I use image_input size 256x256. The code runs for one iteration. In the first iteration, the losses are normally computed. But before the next step, I got CUDA warning: an illegal memory access was encountered Error. I guess this is caused by the array-out-of-bound issue. Do you have any idea?
train step 0; loss = 0.105516; scale_loss = 0.000002; rgb_loss = 0.105514; depth_normal_loss = 0.000000; supervise_normal_loss = 0.000000; non_local_loss = 0.000000; context = [[96, 121], [122, 147]]; bound = [0.5; 100.0]; scene = ['0f93fdb52c6933cf', 'a3a5e373d876db0e'];
......
File "/group/40034/ozhengchen/scene_gen/LGM/Gaussian_final/src/model/encoder/mamba2_model/mamba2/ssd_combined.py", line 565, in backward
dx, ddt, dA, dB, dC, dD, dz, ddt_bias, dinitial_states = _mamba_chunk_scan_combined_bwd(dout, x, dt, A, B, C, out, ctx.chunk_size, D=D, z=z, dt_bias=dt_bias, initial_states=initial_states, dfinal_states=dfinal_states, seq_idx=seq_i
dx, dt_softplus=ctx.dt_softplus, dt_limit=ctx.dt_limit)

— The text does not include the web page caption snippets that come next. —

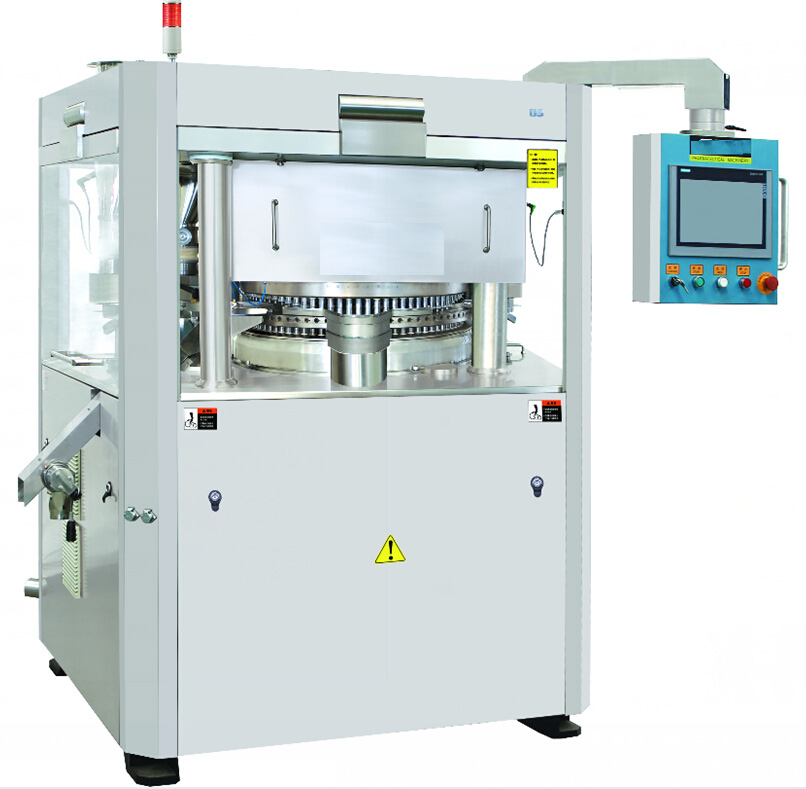 Gzpt45/55/69/75 High Speed Rotary Tablet Pressing Machine/Tablet Press Machine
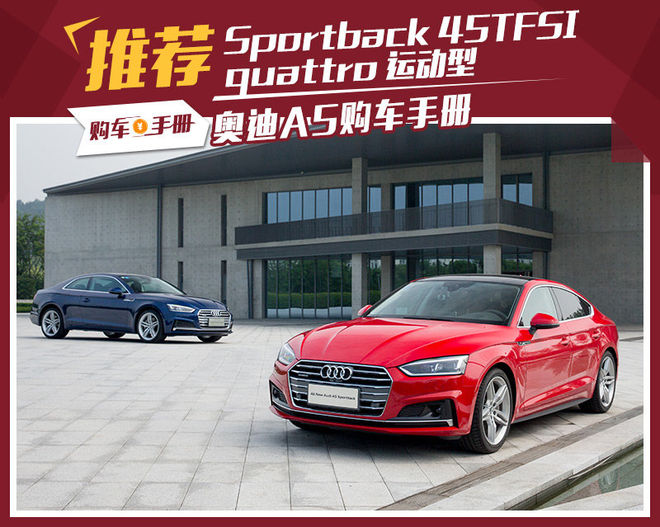 里外三新 全新一代奥迪A5选哪个最值得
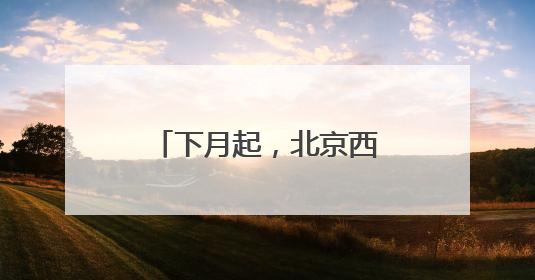 下月起，北京西四环、北四环部分主路将大修！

File "/group/40034/ozhengchen/scene_gen/LGM/Gaussian_final/src/model/encoder/mamba2_model/mamba2/ssd_combined.py", line 458, in _mamba_chunk_scan_combined_bwd
ddA = _chunk_scan_bwd_ddAcs_stable(x, dt, dA_cumsum, dout, CB)

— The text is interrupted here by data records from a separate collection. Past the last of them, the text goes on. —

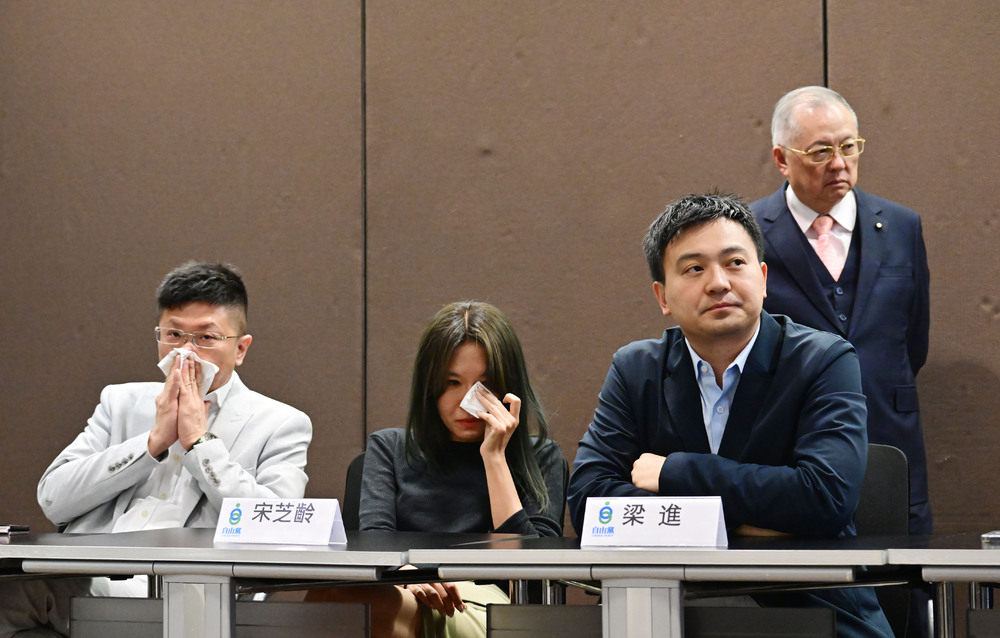 The Liberal Party, including emotional TVB host Adrianna Sung, and the New People's Party, led by Regina Ip, answer questions from the media. SING TAO The Liberal Party, including emotional TVB host Adrianna Sung, and the New People's Party, led by Regina Ip, answer questions from the media. SING TAO
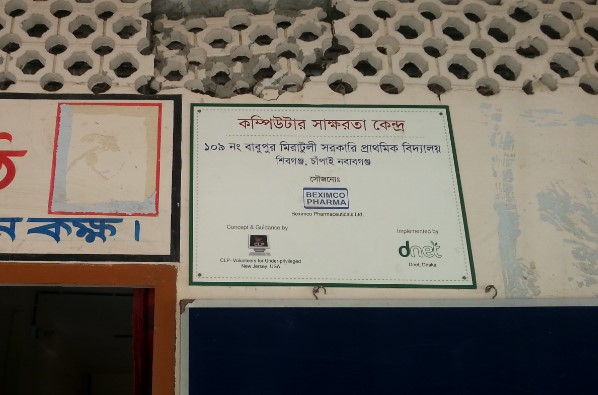 Plaque 1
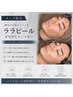 【メンズの皮脂・毛穴悩みに】ララピール+毛穴洗浄★¥9,800
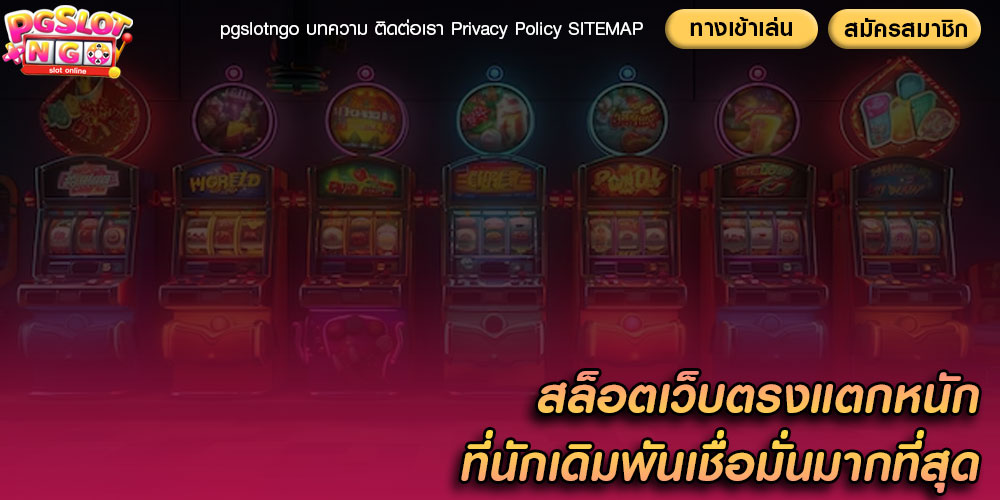สล็อตเว็บตรงแตกหนัก ที่นักเดิมพันเชื่อมั่นมากที่สุด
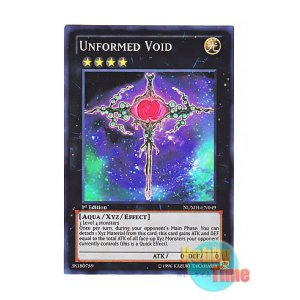 画像: 英語版 NUMH-EN049 Unformed Void 虚構王アンフォームド・ボイド (スーパーレア) 1st Edition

File "/group/40034/ozhengchen/scene_gen/LGM/Gaussian_final/src/model/encoder/mamba2_model/mamba2/ssd_chunk_scan.py", line 1655, in _chunk_scan_bwd_ddAcs_stable
_chunk_scan_bwd_ddAcs_stable_kernel[grid_ddtcs](
File "/group/40034/ozhengchen/anaconda3/envs/dg/lib/python3.10/site-packages/triton/runtime/autotuner.py", line 100, in run
timings = {config: self._bench(*args, config=config, **kwargs)
File "/group/40034/ozhengchen/anaconda3/envs/dg/lib/python3.10/site-packages/triton/runtime/autotuner.py", line 100, in <dictcomp>
timings = {config: self._bench(*args, config=config, **kwargs)
File "/group/40034/ozhengchen/anaconda3/envs/dg/lib/python3.10/site-packages/triton/runtime/autotuner.py", line 83, in _bench
return do_bench(kernel_call, warmup=self.warmup, rep=self.rep, quantiles=(0.5, 0.2, 0.8))
File "/group/40034/ozhengchen/anaconda3/envs/dg/lib/python3.10/site-packages/triton/testing.py", line 105, in do_bench
torch.cuda.synchronize()
File "/group/40034/ozhengchen/anaconda3/envs/dg/lib/python3.10/site-packages/torch/cuda/__init__.py", line 783, in synchronize
return torch._C._cuda_synchronize()
RuntimeError: CUDA error: an illegal memory access was encountered
I use image_input size 256x256. The code runs for one iteration. In the first iteration, the losses are normally computed. But before the next step, I got
CUDA warning: an illegal memory access was encountered
Error. I guess this is caused by the array-out-of-bound issue. Do you have any idea?